All flags from collect.py plus:

Flag Default Description
-w, --workers N 20 Parallel workers for cell queries
--enrich-workers N 5 Parallel workers for enrichment
-c, --checkpoint N 100 Save checkpoint every N businesses
--resume on Resume from checkpoint if available
--no-resume off Start fresh, ignore existing checkpoint

CLI Quick Examples

# Start the server (required for CLI usage only — library API auto-starts it)
gmaps-server

# Basic collection
gmaps-collect "New York, USA" "lawyers"

# With place details and reviews
gmaps-collect "Paris, France" "restaurants" --enrich --reviews --reviews-limit 20

# Subdivision mode for large areas
gmaps-collect "London, UK" "dentists" --subdivide

# V2 with parallel enrichment and resumability
gmaps-collect-v2 "Manhattan, New York" "lawyers" --enrich --reviews -l 100

# Resume an interrupted V2 collection
gmaps-collect-v2 "Manhattan, New York" "lawyers" --resume

# Add reviews to an existing collection
gmaps-enrich-reviews output/lawyers_in_manhattan.json -l 50

# Full control
gmaps-collect-v2 "Los Angeles, CA" "restaurants" \
  --enrich --reviews -l 50 \
  --workers 30 --enrich-workers 10 \
  --checkpoint 100 --subdivide

Configuration

Option 1: Constructor Arguments (Library Only)

with GMapsExtractor(
    proxy="http://user:pass@host:port",
    workers=30,
    server_port=9000,
    verbose=False,
) as extractor:
    result = extractor.collect("New York, USA", "lawyers")

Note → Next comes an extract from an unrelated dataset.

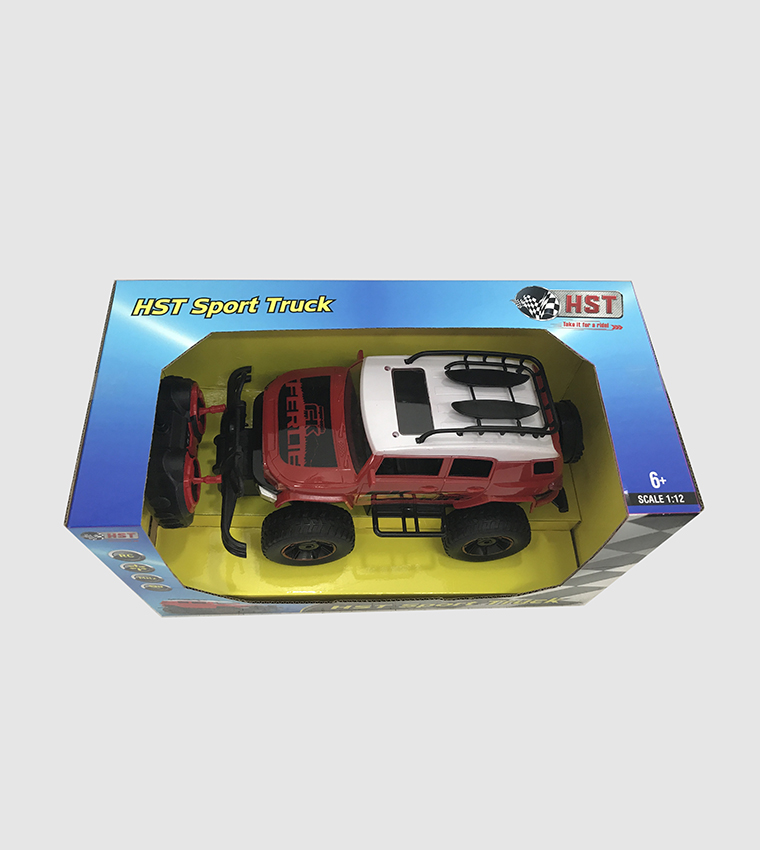 Sport Truck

Option 2: Environment Variables (Recommended for CLI)

export GMAPS_PROXY_HOST="your-proxy-host:port"
export GMAPS_PROXY_USER="your-username"
export GMAPS_PROXY_PASS="your-password"

# Optional: provide Google cookies as JSON
export GMAPS_COOKIES='{"NID":"...","SOCS":"...","AEC":"..."}'

Option 3: Config File

Edit gmaps_extractor/config.py (copied from config.example.py):

_DIRECT_PROXY_HOST = "your-proxy-host:port"
_DIRECT_PROXY_USER = "username"
_DIRECT_PROXY_PASS = "password_country-us_session-XXX_lifetime-30m_streaming-1"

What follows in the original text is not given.